┌─ TASK INPUTS

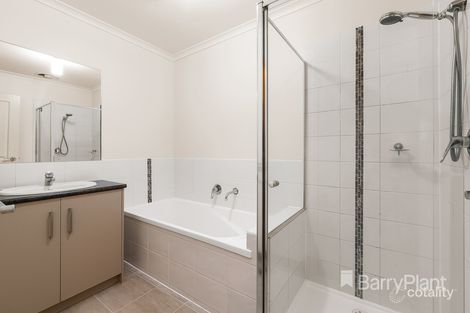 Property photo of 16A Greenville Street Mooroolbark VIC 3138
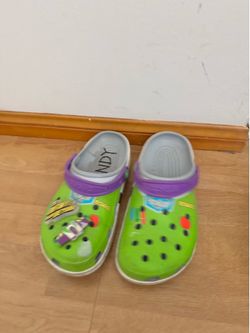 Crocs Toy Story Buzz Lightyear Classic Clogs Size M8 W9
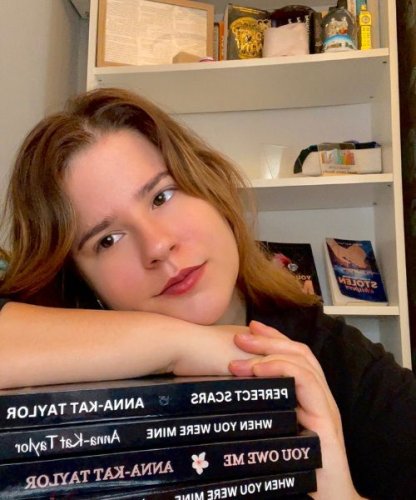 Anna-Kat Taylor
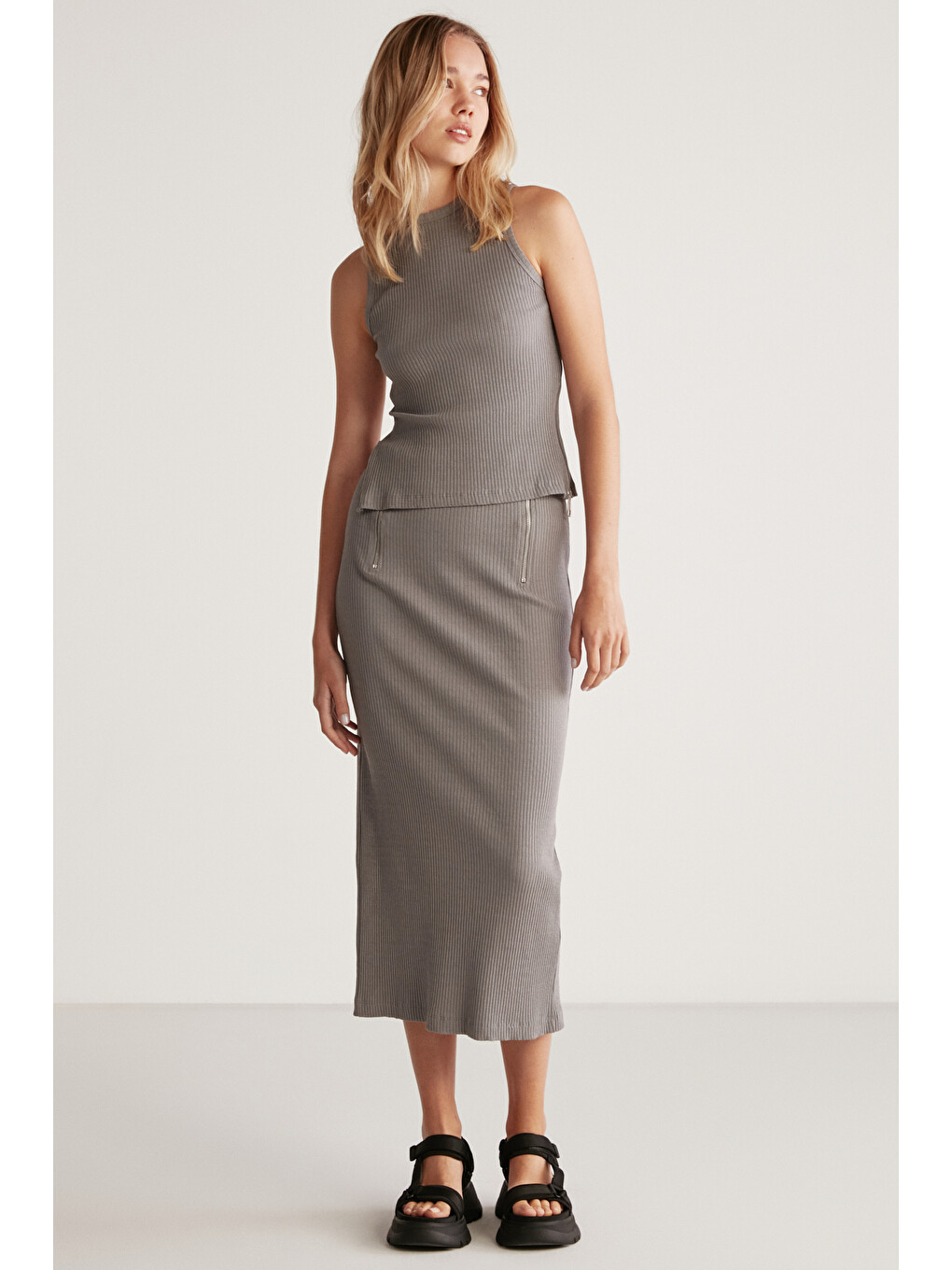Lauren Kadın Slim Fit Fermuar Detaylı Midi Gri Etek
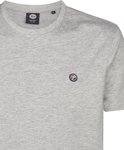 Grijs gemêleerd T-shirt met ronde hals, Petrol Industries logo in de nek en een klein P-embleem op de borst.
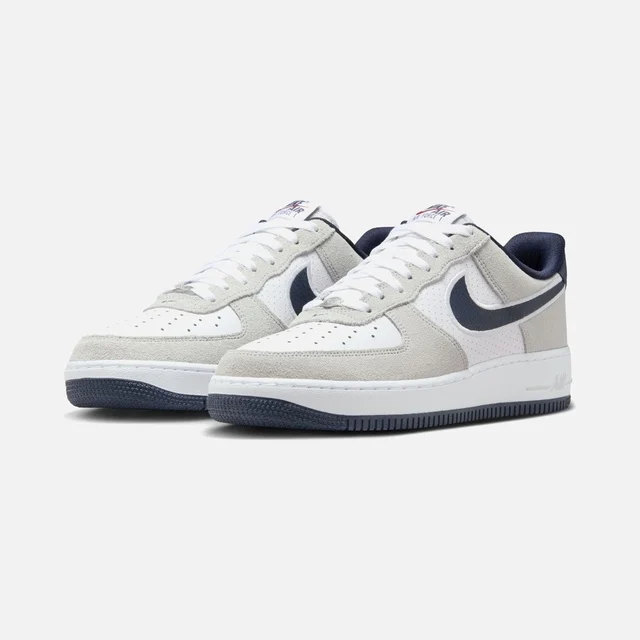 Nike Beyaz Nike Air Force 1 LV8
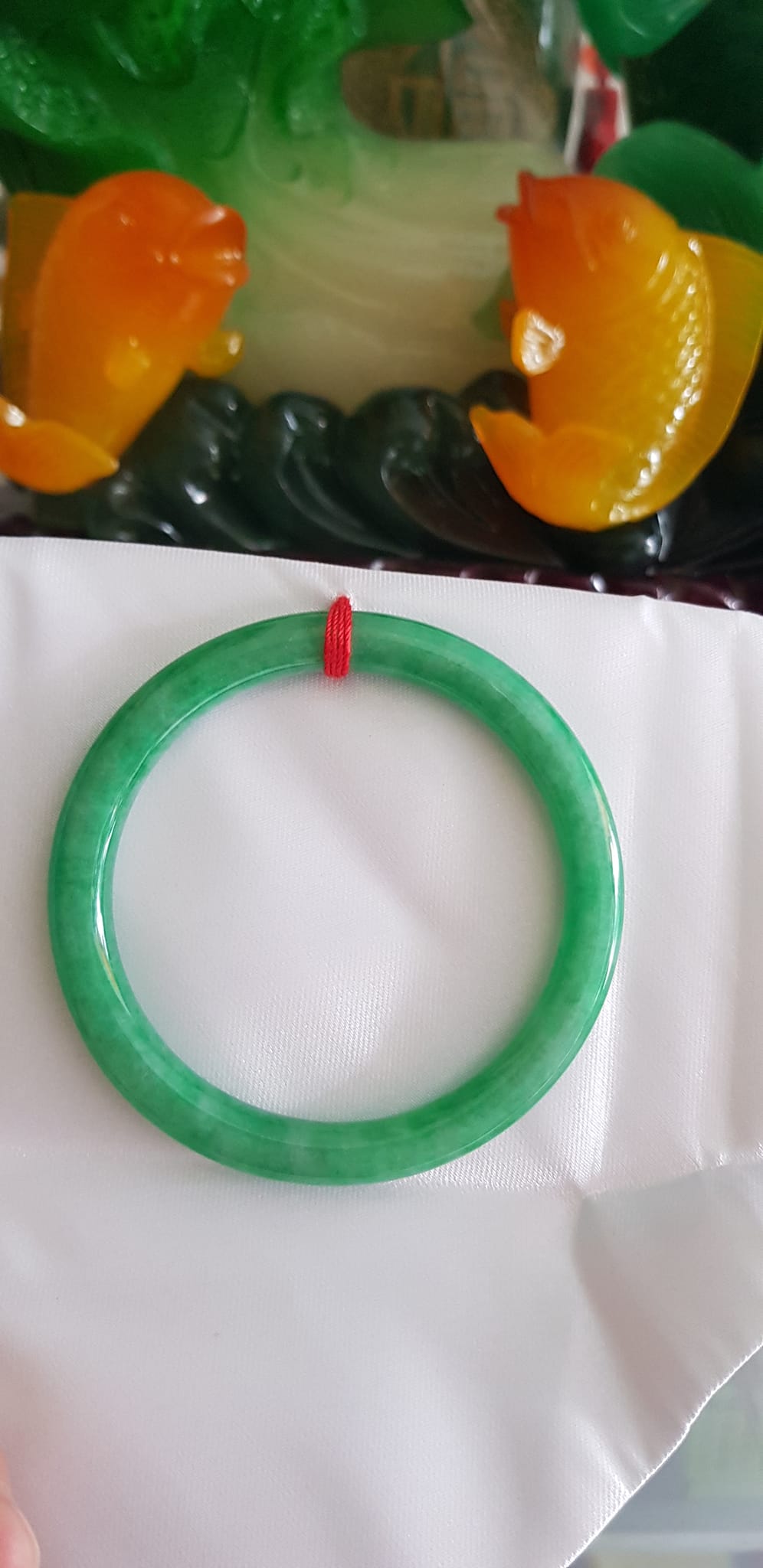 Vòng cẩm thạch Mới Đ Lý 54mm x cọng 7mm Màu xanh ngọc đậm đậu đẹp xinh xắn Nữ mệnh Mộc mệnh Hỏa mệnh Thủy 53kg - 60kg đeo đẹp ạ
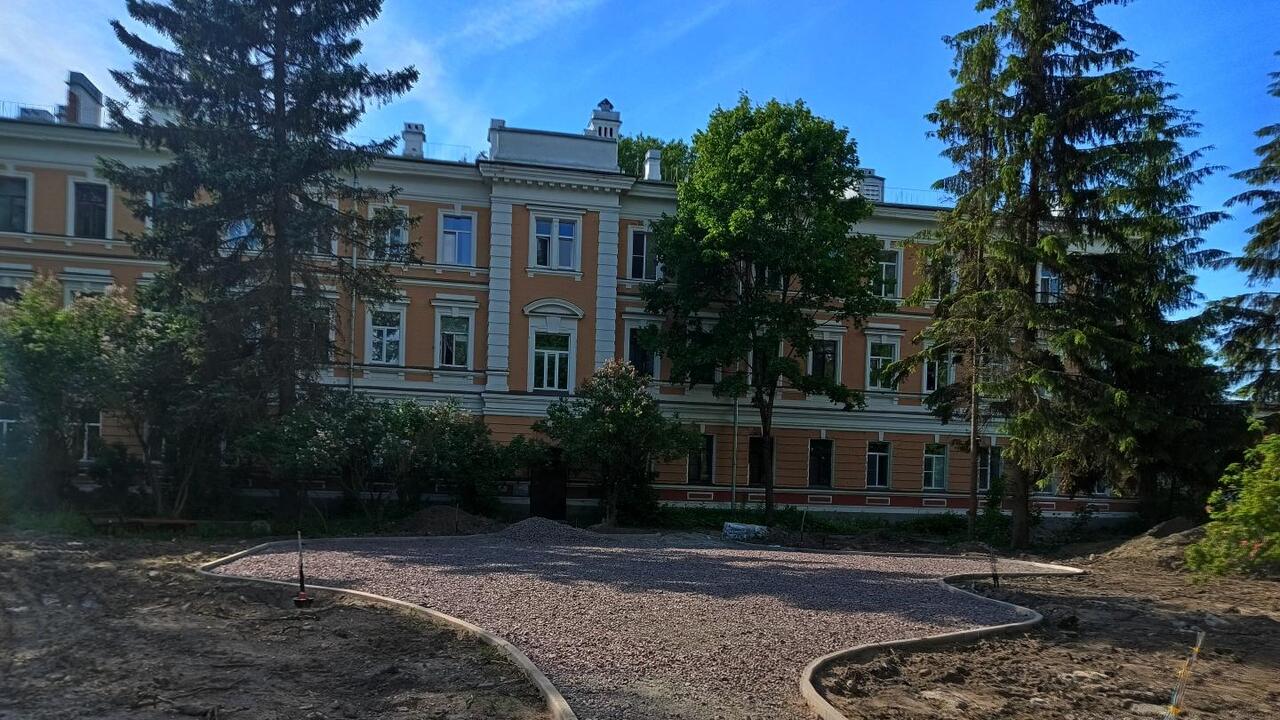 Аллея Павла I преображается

└─

• [WHAT TO DO]
Please return, without any change, the lines from the line containing "Lauren Kadın Slim" through the last line of the entries, dropping the pictures.

• [TASK RESPONSE]
Lauren Kadın Slim Fit Fermuar Detaylı Midi Gri Etek
 Grijs gemêleerd T-shirt met ronde hals, Petrol Industries logo in de nek en een klein P-embleem op de borst.
 Nike Beyaz Nike Air Force 1 LV8
 Vòng cẩm thạch Mới Đ Lý 54mm x cọng 7mm Màu xanh ngọc đậm đậu đẹp xinh xắn Nữ mệnh Mộc mệnh Hỏa mệnh Thủy 53kg - 60kg đeo đẹp ạ
 Аллея Павла I преображается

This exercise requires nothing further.